WHAT IS EXPECTED: Every line of the data below must be output exactly, with images left out.

DATA EXTRACT:
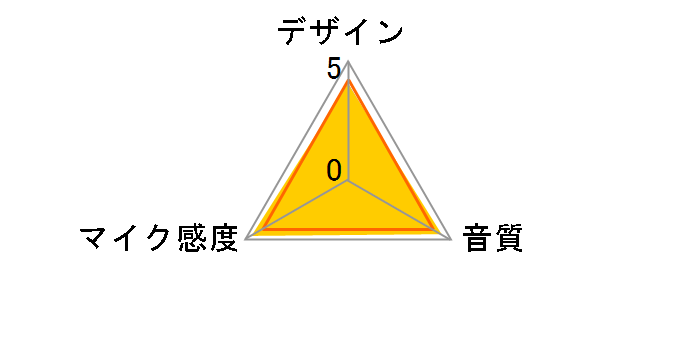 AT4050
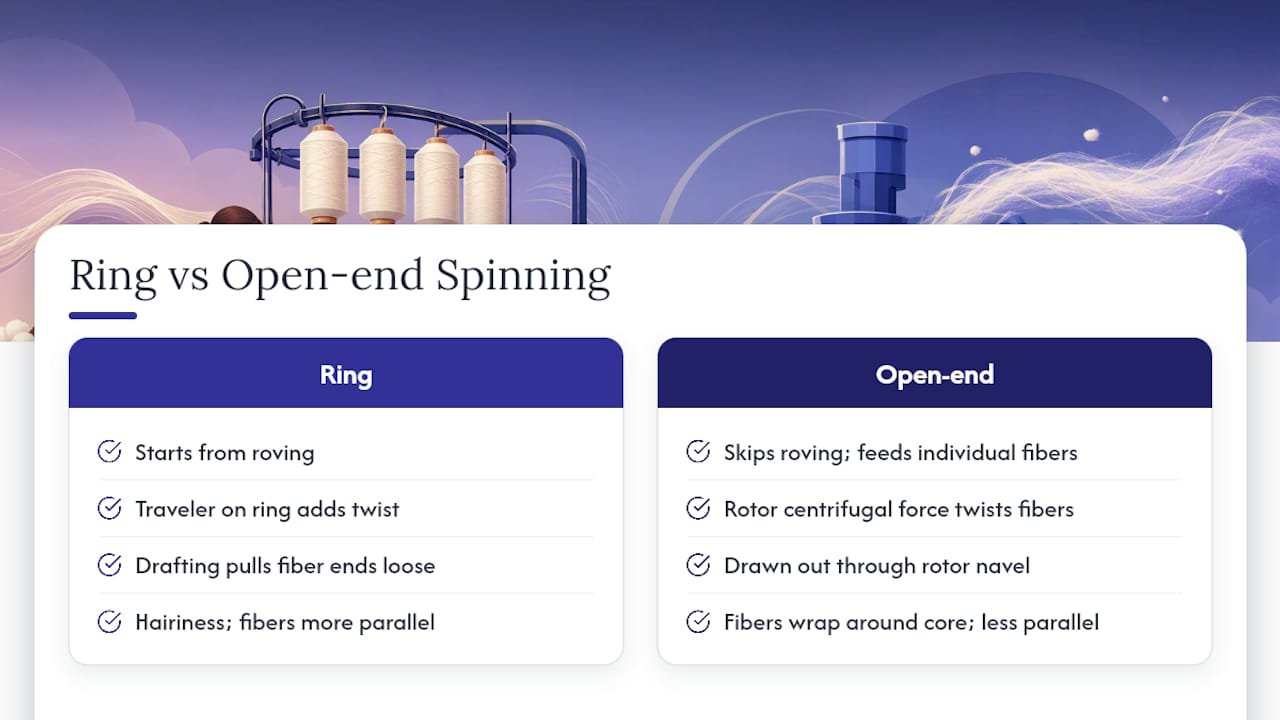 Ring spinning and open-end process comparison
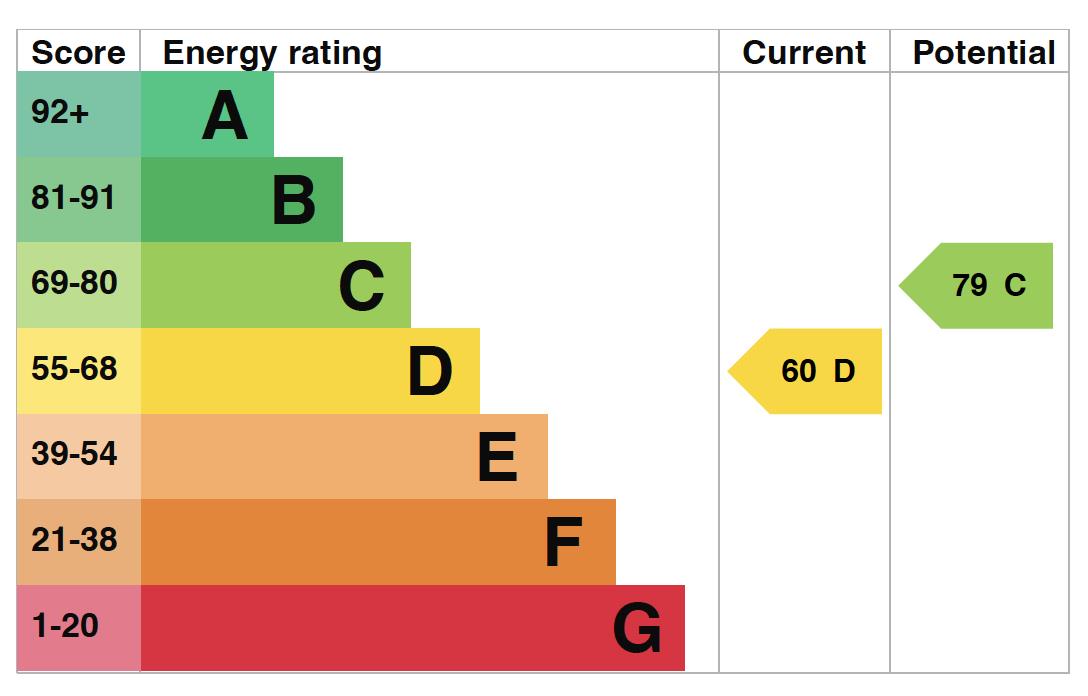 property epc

EXERCISE ANSWER:
 AT4050
 Ring spinning and open-end process comparison
 property epc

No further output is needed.